Si è parlato molto di questa guerra atroce. Si preferirebbe tacere. Eppure il sentimento di impotenza ci spinge a parlarne ancora. Sperando che tante voci possono diventare un coro. E' sempre flebile, quasi inudibile il suono del dissenso, della critica rispetto allo strepito degli aerei e delle bombe. Ma nondimeno, chi crede nel dialogo e nella pace ha il dovere di continuare a parlare, a dissentire, perché chi tace si fa complice, anche non volendo.
«Ho sempre combattuto Hamas, ma non ho mai pensato che la sua sconfitta potesse venire da una prova di forza militare», dichiara Hanan Ashrawi, più volte ministra dell'Anp, prima donna portavoce della Lega Araba, paladina dei diritti umani nei Territori. «Già in passato Israele ha provato a decapitare la leadership di Hamas, assassinando il suo stesso fondatore (lo sceicco Ahmed Yassin, nota la redazione del Centro Ricerca per la Pace). Il risultato è stato il rafforzamento di Hamas. Israele aveva una carta da giocare per sconfiggere veramente Hamas: realizzare una pace giusta, fondata sulle risoluzioni Onu».

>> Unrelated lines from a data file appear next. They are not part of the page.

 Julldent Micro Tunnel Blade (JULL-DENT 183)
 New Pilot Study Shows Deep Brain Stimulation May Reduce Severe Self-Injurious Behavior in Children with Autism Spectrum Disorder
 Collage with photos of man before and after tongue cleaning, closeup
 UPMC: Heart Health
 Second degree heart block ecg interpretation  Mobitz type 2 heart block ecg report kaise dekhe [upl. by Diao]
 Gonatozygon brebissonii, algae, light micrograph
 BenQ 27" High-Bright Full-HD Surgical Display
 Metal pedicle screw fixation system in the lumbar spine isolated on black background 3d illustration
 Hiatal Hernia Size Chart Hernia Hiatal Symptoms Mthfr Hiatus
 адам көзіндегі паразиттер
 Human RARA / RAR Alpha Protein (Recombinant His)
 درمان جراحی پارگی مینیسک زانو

Dall'altra parte sentiamo le parole di un israeliano che non crede nelle armi: Avraham Burg, autore di un saggio apparso su «Haaretz» il 5 gennaio di quest'anno dal titolo «Perché l'Occidente non può vincere» (oggi pubblicato da Neri Pozza), dopo avere dimostrato che nessuna delle tante guerre degli ultimi cinquant'anni è stata mai veramente vinta, conclude: «Sembra pertanto che nella guerra di Gaza la leadership d'Israele sia destinata a fallire nel nostro nome: esattamente come i leader religiosi dei palestinesi, che stanno conducendo la loro gente verso un altro fallimento, radicato nell'ignorare la metamorfosi del concetto di vittoria, che non implica più sottomissione, ma apertura di discorso, non mattanza, ma costruzione di ponti. Come ponti furono alla fine gettati sopra le acque tempestose tra Pearl Harbour e Hiroshima, tra Dresda e Londra, e tra la Dublino cattolica e quella protestante, così vi è già un ponte tra Sderot e Gaza. Coloro che non intendono camminarvi sopra condurranno le loro nazioni al fallimento in tutte le loro guerre».
Le immagini che il mondo osserva in questi giorni, sui morti di Gaza, in maggioranza civili, non possono che rinvigorire il fanatismo islamico, non possono che creare sentimenti frustrati di vendetta. Questo l'hanno capito benissimo i tanti intellettuali, i tanti studenti, le tante associazioni israeliane che in questi giorni stanno chiedendo altri modi per combattere Hamas e i suoi missili.
Abbiamo visto quello che è successo in Iraq con la inutile guerra di Bush. Ci sono voluti anni, ma infine la maggioranza degli americani ha capito quanto fosse nociva per il Paese quella guerra. Come se si potesse imporre la democrazia con le bombe, come se si potesse risolvere il terrorismo con i fucili e la tortura.